Peter Tscherkassky was born in Vienna in 1958. From 1977 to 1979 he studied journalism and political science at the University of Vienna. In 1978, a series of lectures by P. Adams Sitney at the Austrian Film Museum triggered his enthusiasm for the genre of avant-garde film. In 1979 Tscherkassky began studying philosophy, which he completed in 1986 at the University of Vienna with his PhD in philosophy. During this time Tscherkassky lived for some time in Berlin, where he began filming himself and met the Austrian avant-garde filmmakers Lisl Ponger, Dietmar Brehm and Ernst Schmidt Jr. in 1981. Tscherkassky is a founding member of the "Austrian Filmmakers Cooperative", which he left in 1993, and the "UFVA - Unabhängiger Film & Video Austria". Since 1984 he has also been active as a curator, devoting himself especially to the mediation of Austrian avant-garde filmmaking. Tscherkassky has held teaching positions at the University of Artistic and Industrial Design in Linz and at the University of Applied Arts in Vienna. In 1993 and 1994 he was artistic director of the Diagonale, the Austrian film festival in Graz.

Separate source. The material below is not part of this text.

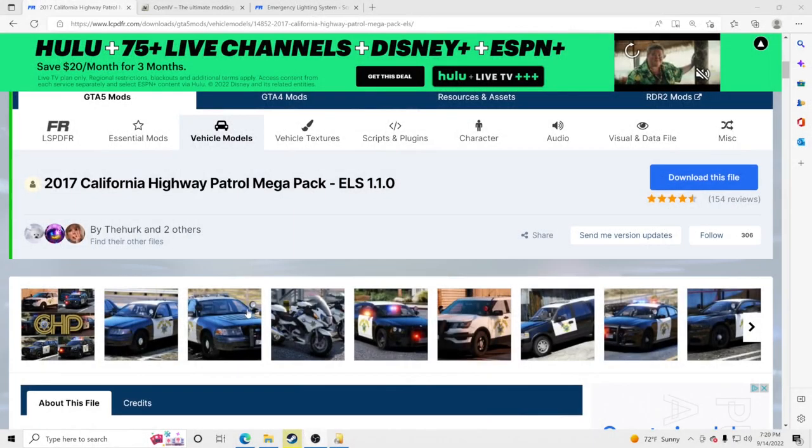Hello everybody and welcome back to another GTA5 LSPDFR tutorial. Today we're going to teach you how to install replaceable police vehicles for your GTA5 LSPDFR. If you guys are new to the channel, consider hitting that subscribe button, the notification bell, and smash that like button.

Tscherkassky's films have received great international attention. In 2005, he showed one of his films as a world premiere at the 58th Cannes International Film Festival. In 2001, he presented a new film work at the 74th Cannes International Film Festival. He received numerous awards, including the Orizzonti Short Film Award at the 67th Venice Film Festival in 2010. In 2012, he published "Film Unframed. A History of Austrian Avant-Garde Cinema," the first comprehensive reference work on the history of the Austrian film avant-garde. Peter Tscherkassky lives and works in Vienna.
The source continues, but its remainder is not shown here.